Wayland and/or X is only involved when the apps are all done rendering[0], and the display servers own rendering is the comparatively simple task of stitching windows together[1], and sometimes not even that.
0: You can send buffers early over Wayland if you also send a sync fence, but this is just forwarded as a render dependency that the GPU scheduler will patiently wait for.
1: well also dealing with stuff like color transforms which can be complex to understand, but are computationally cheap and for fullscreen content possibly entirely free.
Contributing to display servers and following kernel KMS/drm stuff, but #wayland on OFTC or #sway on libera chat are both very helpful.
Also https://wayland.app to see the current Wayland protocols (the Wayland core protocol is mainly some common primitives, most stuff is across the other protocols). For example, the sync object stuff is in https://wayland.app/protocols/linux-drm-syncobj-v1 (in many cases handled by your toolkit or WSI of choice).
Don't WSL2 and the WinNT kernel both run on top of Hyper-V, on (very approximately) equal footing? The NT kernel, of course, has all the hardware access, not necessarily granted to other VMs, such as WSL2.
There are a variety of applications that it's not really possible to run natively on Linux, for example Widevine L1. I don't think there are any applications that can't run through WSL.
Thus far I have found the native WSL2 graphics integration to be pretty disappointing in comparison to what I used to get with X-server setup. Unfortunately the legacy X implementation doesn’t have the modern API and application developers are tapering their interest in it. Hopefully the groundswell of WSL2 support will improve this in time …
As an end user, the out of the box experience of getting a blurry window with the wrong content size isn't very useful. And I've never tried to actually configure it properly.
I wonder if it's a decent experience even when configured properly. In that case, why do all the IDEs come with remote development / WSL integrations that involve running the client on the Windows side?
Agreed. No way to really test WebGPU, for instance. You can't really test GPU drivers under Linux or using the native Windows browsers. Lots of incomplete attempts to make this work, none of which are reliable or easy to use.
While I understand _why_ they did WSL2 it's pretty sad that they at the same time they just dropped any WSL1 development.
We're using a lot of WSL in CI - we're mostly Linux based, but for some stuff toolchains came up which didn't work nicely with wine (like MSVC). So for us we want a Linux system that seamlessly can execute Windows stuff in a Linux based build process. WSL1 can do that, WSL2 can be kicked into working somewhat, but needs quite a few ugly workaround as they're not sharing a process namespace or file descriptors. While the faster IO would be nice that's pretty much the only thing we'd care about - and wouldn't work here, as we need shared access to the files.
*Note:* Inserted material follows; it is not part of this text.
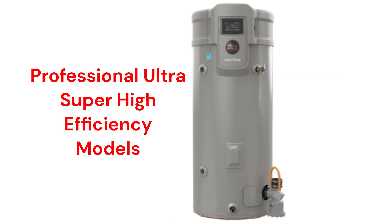The Professional Ultra Super High Efficiency models are their most efficient water heaters with a 0.88 efficiency rating. They have built-in leak detection with an LCD control panel and an audible leak alarm, offer an optional automatic water shutoff valve, and are backed by a very good warranty, as well as having built-in Wi-Fi for control through their Econet smartphone app.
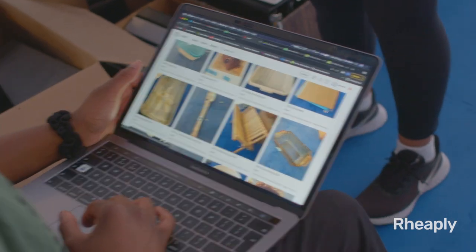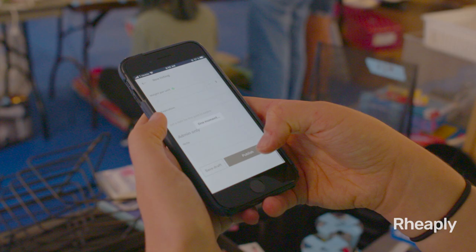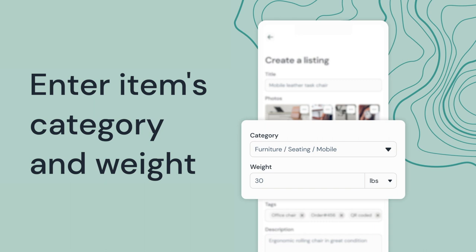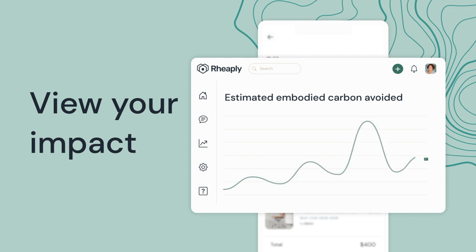Reaply helps you use and reuse your resources, avoiding additional embodied carbon from being brought into your organization. Our new Estimated Embodied Carbon Avoided Reporting matches an item's category from a lifecycle analysis database, its weight, and tracked exchanges to help you visualize your reuse impact.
And while we could access the WSL2 files from Windows side that's even slower than just using WSL1.
As WSL1 runs on the same kernel I have stuff like named pipes available. I can fully mix processes from both worlds in one workflow. _Some_ of that works with WSL2 as well, but as it's processes on two different kernels requires hidden workarounds to make that work - and not everything is working (and may be even possible).
Why would you want to mix Windows and Linux processes into one workflow on the same host?
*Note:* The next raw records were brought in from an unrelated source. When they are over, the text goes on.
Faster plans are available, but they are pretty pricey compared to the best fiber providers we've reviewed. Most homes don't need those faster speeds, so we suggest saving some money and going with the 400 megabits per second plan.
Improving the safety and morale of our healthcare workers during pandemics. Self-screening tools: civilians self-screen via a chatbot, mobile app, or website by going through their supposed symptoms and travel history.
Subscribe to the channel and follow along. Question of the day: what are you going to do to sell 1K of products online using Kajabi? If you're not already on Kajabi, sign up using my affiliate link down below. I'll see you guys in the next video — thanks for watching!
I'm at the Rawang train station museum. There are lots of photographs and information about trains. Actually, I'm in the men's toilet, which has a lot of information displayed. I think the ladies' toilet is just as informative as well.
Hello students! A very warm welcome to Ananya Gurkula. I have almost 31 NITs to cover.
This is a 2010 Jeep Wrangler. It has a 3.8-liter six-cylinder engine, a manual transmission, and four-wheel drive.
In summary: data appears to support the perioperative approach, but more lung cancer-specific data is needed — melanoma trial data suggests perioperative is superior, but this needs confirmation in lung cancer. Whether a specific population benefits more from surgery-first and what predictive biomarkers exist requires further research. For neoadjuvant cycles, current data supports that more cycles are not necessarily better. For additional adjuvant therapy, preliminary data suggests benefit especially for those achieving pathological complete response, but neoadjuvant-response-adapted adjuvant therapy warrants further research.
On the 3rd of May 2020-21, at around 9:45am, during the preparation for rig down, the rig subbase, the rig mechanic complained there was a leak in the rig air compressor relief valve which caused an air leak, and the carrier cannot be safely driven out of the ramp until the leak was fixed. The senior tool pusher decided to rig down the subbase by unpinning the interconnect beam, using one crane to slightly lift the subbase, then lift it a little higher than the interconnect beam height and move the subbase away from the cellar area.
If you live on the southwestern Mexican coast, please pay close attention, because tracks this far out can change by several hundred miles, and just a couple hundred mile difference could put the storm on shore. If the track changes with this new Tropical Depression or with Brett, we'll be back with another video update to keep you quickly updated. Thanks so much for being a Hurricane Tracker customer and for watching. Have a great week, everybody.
I’m sure you’ve encountered a very niche problem that requires it, but I cannot think of any scenario where that kind of behaviour would be desirable vs splitting those workflows up.
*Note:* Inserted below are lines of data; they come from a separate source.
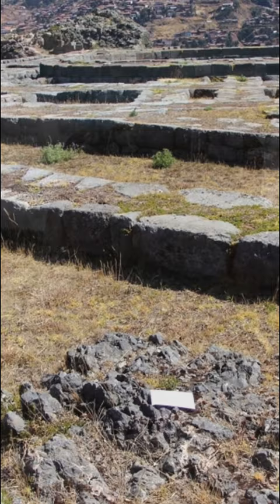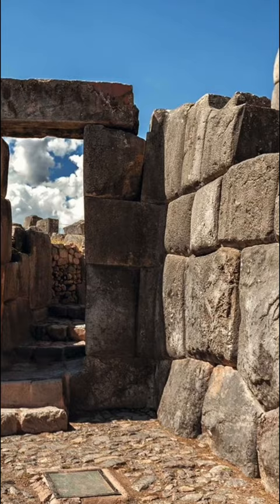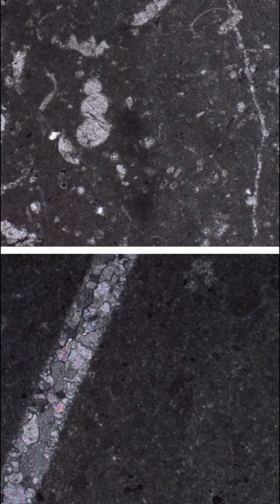Some have speculated that these blocks are artificial, molded from a geopolymer lime-based mixture and left to set. But under a microscope we know that this is not the case. We find small naturally occurring calcite veins and these crisscross the rocks. These types of geological microstructures do not form in man-made concrete, and it's not the same process as efflorescence or lime leaching. The rocks of Sacsayhuaman are natural.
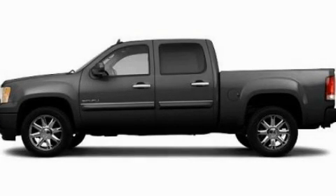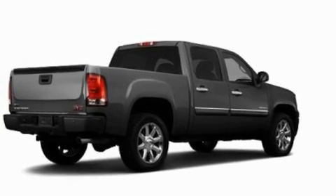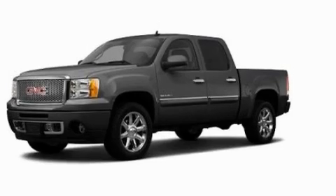This is a 2011 GMC Sierra 1500 — strong, durable, and dependable. It has a 5.3-liter, eight-cylinder engine and an automatic transmission.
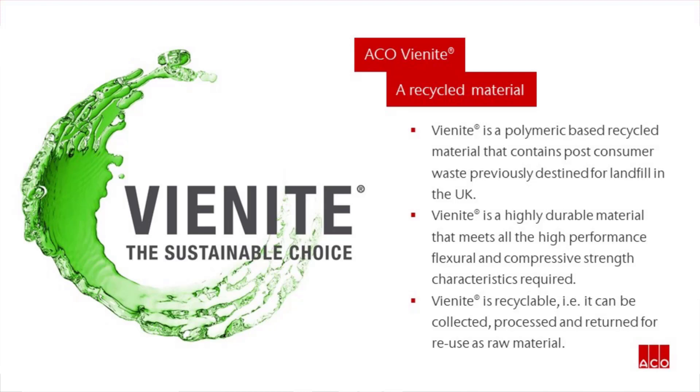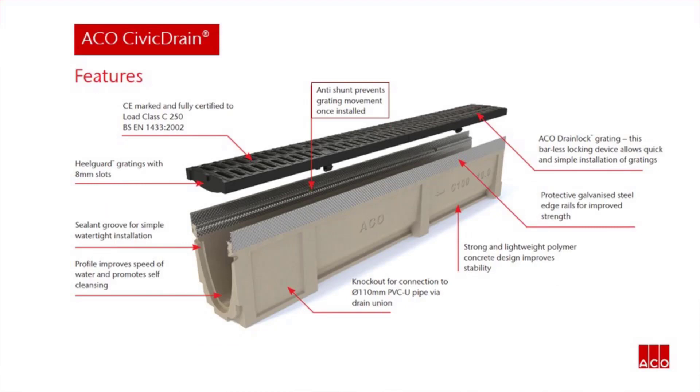Other key features of Civic Drain are: anti-shunt prevents grating movement once installed; Akko Drain Lock Grating — this barless locking device allows quick and simple installation of gratings; protective galvanised steel edge rails for improved strength; strong and lightweight polymer concrete design improves stability; knockout for connection to 110mm PVC U-pipe drain union; profile improves speed of water and promotes self-cleansing; sealant groove for simple watertight installation; heel guard gratings with 8mm slots; and CE marked and fully certified to Load Class C250.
Are you not able to have separate Windows and Linux hosts (eg VMs or containers) that are instigated to run in parallel as part of the same pipeline, but don’t rely on the same processes running in the same host?
Or at the very worst, use a TCP/IP based RPC to share state between the different hosts?
We're using OBS for building stuff (and heavily abuse it for the Linux side already) - a few things (like reverse dependency builds) make that more useful that most of the other stuff out there on complex projects. So when the requirement for some Windows builds came along (which are tiny compared to all the other stuff we're doing) we just ended up using WSL to have Windows workers in OBS. Also has some other advantages with how our cmake builds work (short version, developers can do their own bit in visual studio, and then a bit more checks run on CI where we can reuse the usual stuff without caring about Windows)
The Opensuse Build System. It's pretty good at figuring out if something needs rebuilding, so in some cases violating it and making it do stuff it's not supposed to is a sensible choice.
That'd mean we have a different compiler in CI than what the developers use on their workstations - which is not a good thing. And wouldn't be tolerated there anyway - people already had some doubts when we were wrapping IAR with wine and a bit of shell to look like a standard UNIX toolchain.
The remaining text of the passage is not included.